In this work, we present an approach to construct a video-based robot policy capable of successfully executing diverse tasks across different robots and environments without the need of any action annotations. Our method leverages images as a task-agnostic representation, encoding both the state and action information. By synthesizing videos that "hallucinate " robot executing actions and in combination with dense correspondences between frames, our approach can infer the closed-formed action to execute to an environment without the need of any explicit action labels. This unique capability allows us to train the policy solely based on RGB videos and deploy learned policies to various robotic tasks. We demonstrate the efficacy of our approach in learning policies on table-top manipulation and navigation tasks. Additionally, we contribute an open-source framework for efficient video modeling, enabling the training of high-fidelity policy models using just 4 GPUs within a single day.
Meta-World (Yu et al., 2019) is a simulated benchmark featuring various manipulation tasks with a Sawyer robot arm. We present the video plans synthesized by our video diffusion model as well as robot execution videos as follows.





























iTHOR (Kolve et al., 2017) is a simulated benchmark for embodied common sense reasoning. We consider the object navigation tasks for evaluation, where an agent randomly initialized into a scene learns to navigate to an object of a given type (e.g., toaster, television). We present the video plans synthesized by our video diffusion model as well as robot navigation videos as follows.
































We aim to examine if our method can achieve cross-embodiment learning, e.g., leverage human demonstration videos to control robots to solve tasks. To this end, we learn a video diffusion model from only actionless human pushing videos from Visual Pusher (Schmeckpeper et al., 2021, Zakka et al., 2022) and then evaluate our method on simulated robot pushing tasks without any fine-tuning. We present the video plans synthesized by our video diffusion model as well as robot execution videos as follows.
We aim to examine if our method can tackle real-world robotics tasks. To this end, To this end, we train our video generation model on the Bridge dataset (Ebert et al., 2022), and perform evaluation on a real-world Franka Emika Panda tabletop manipulation environment. We present the video plans synthesized by our video diffusion model as well as robot execution videos as follows.
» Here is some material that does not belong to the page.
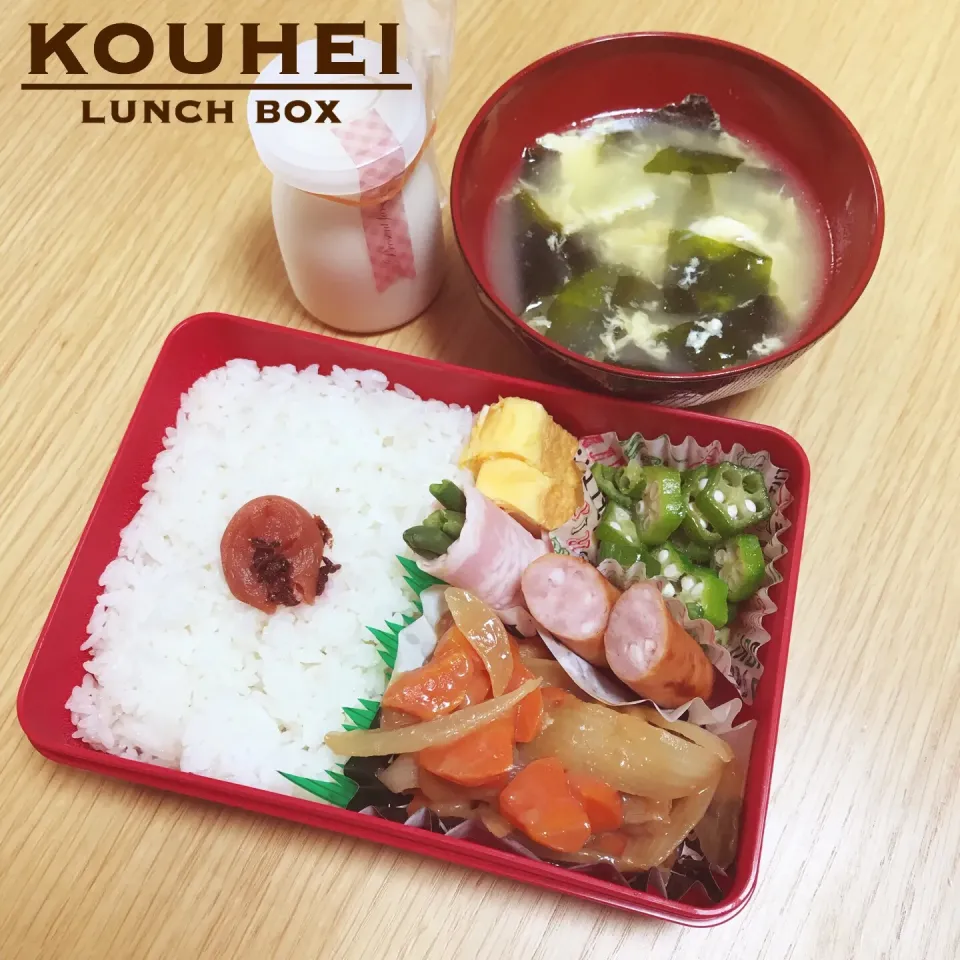 金曜日のお弁当|daughterさん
While most tasks in the Bridge data were recorded in toy kitchens, we found that the video diffusion model trained on this dataset already can generalize to complex real-world kitchen scenarios, producing reasonable videos given RGB images and textual task descriptions. We present some examples of the synthesized videos below. Note that the videos are blurry since the original video resolution is low (48x64).
We compare our proposed first-frame conditioning strategy (cat_c) with the naive frame-wise concatenate strategy (cat_t). Our method (cat_c) consistently outperforms the frame-wise concatenating baseline (cat_t) when training on the Bridge dataset. Below we provide some qualitative examples of synthesized videos with 40k training steps.
This section investigates the possibility of accelerating the sampling process using Denoising Diffusion Implicit Models (DDIM; Song et al., 2021). To this end, instead of iterative denoising 100 steps, as reported in the main paper, we have experimented with different numbers of denoising steps (e.g., 25, 10, 5, 3) using DDIM. We found that we can generate high-fidelity videos with only 1/10 of the samplimg steps (10 steps) with DDIM, allowing for tackling running time-critical tasks. We present the synthesized videos with 25, 10, 5, 3 denoising steps as follows.




















































































































In this section, we provide some qualitative examples of common failure modes of the most challenging tasks for BC baselines in our Meta-World setting. The tasks include shelf-place, basketball, and assembly, which requires the robot to grasp an object and move it to another position. The most common failure modes we observed for BC policies is that it often makes inaccurate grasps when it's still far away from the object and won't recover (retry for another grasp) after that. This failure mode persists in plain BC even when 50 demonstrations per view are provided. Different from BC, the Diffusion Policy makes contact with the object consistently and thus makes successful grasps more often than BC does. We also observed some re-grasp behaviors from the Diffusion Policy (see shelf-place and basketball tasks), which is not observed in BC. However, the Diffusion Policy can still fail to grasp the object because the object is small in the image and can slip due to inaccurate grasps.